[GIS] Questions on smooth lines on soil polygon

arcmaparcpytopology

In a couple of weeks I am going to do QA/QC on soil polygons and I'm wonder if there is a way for me to run a script or a tool box that allow me to find the jagged lines ?

Alternative, my plan would be to set up using a quad layer for each quad and then review the lines that need to be smooth. I would create a new layer to mark an error that need to be correct smooth line. I feel that it would take about a week or so to complete the work. The layer itself is a big file.

In the past, I have had convert from polygon to polyline but it took a lot of time and work to clean up. If you do that, there would be probably a lot of gaps in between lines ane would create gaps and produce topology errors.

Does anyone have a suggest a better way around it ? I am using ArcGIS 9.3.1 SP3.

Thanks !

Best Answer

Could you use Simplify Polygon (from the Cartography toolbox) and select the Bend_simplify option rather than the Point Remove, which will help you maintain the shape of the polygons. Use the 'Maximum Allowable Offset' to set your tolerance. The 'Maximum Area' setting will allow you to kill tiny polygons if they fall below the practical (soil sampling) resolution of your data. Set 'Handling Topological Errors' to 'Resolve Errors'.

In you old method I presume you smooth the lines and reconvert to polygons again. I've done a very similar thing too for many reasons. This can give you overlapping polygons with gaps. You can save time with your topological errors in two ways.

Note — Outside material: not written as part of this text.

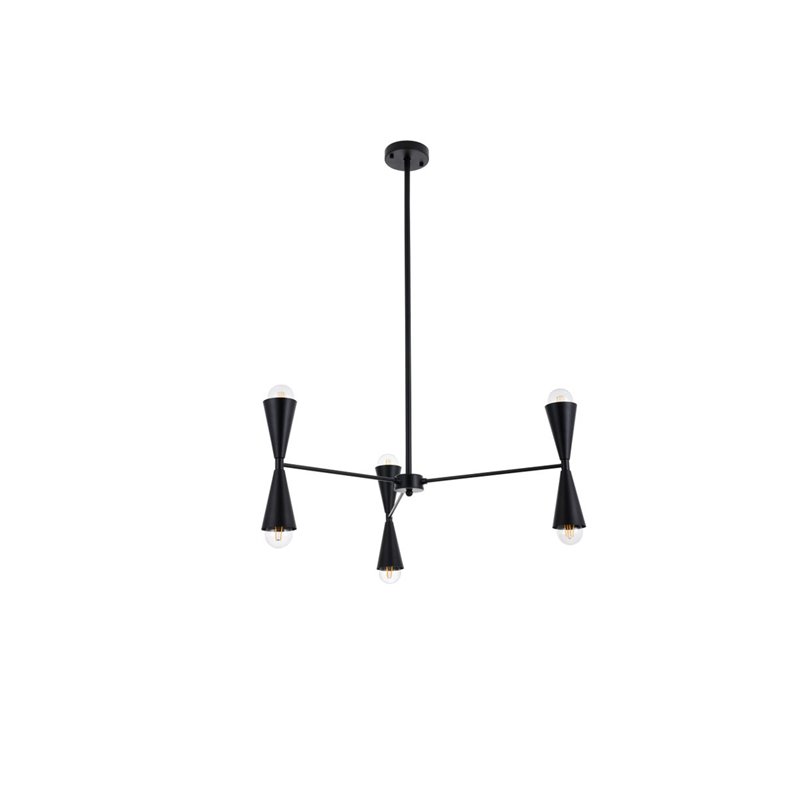 Living District Cade 6-Light Mid-Century Metal Pendant in Black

  1. The first is to use Coverages (remember those?). They have strict topology conformance unlike the ArcGIS geodatabase (at least the one in use in v9.3). Convert your data to a coverage (you need the ArcInfo Licence for this though) and smooth your polygons, kill slivers, build/clean (just like in the good ol' days) then convert back to geodatabase or shapefile. ESRI were mad to deprecate the Coverage IMHO...
  2. If you don't have ArcInfo (so can't use the sublime Coverage format) and must follow your procedure of converting to polylines, do what you normally do until you reconvert back to polygons. Next Integrate the polygon layer with itself. This will handle most of the issues but there may be a few gaps left (overlaps should be gone now). Next union or intersect your polygons with a single polygon equal to the entire area. This fills the gaps and then you can use Eliminate if you have it, to get rid of these 'gap polygons' (or some combination of Dissolve and Spatial Join to re-attribute afterwards if your licence dosent give you Eliminate). It sounds like a lot of work, but if you have a lot of data, a few automated steps are far better than doing it all by hand.

Integrating a file with itself is a little trick I've found handy on many occasions as a Topology clean-up hack. I just tested the Simplify routine in ArcGIS 10 and it did not return any overlaps but, from memory, I expected some when I used v9.3. So maybe ESRI have improved their code in V10. If you do get bad topology in V9.3 using simplify, then do the Integrate trick.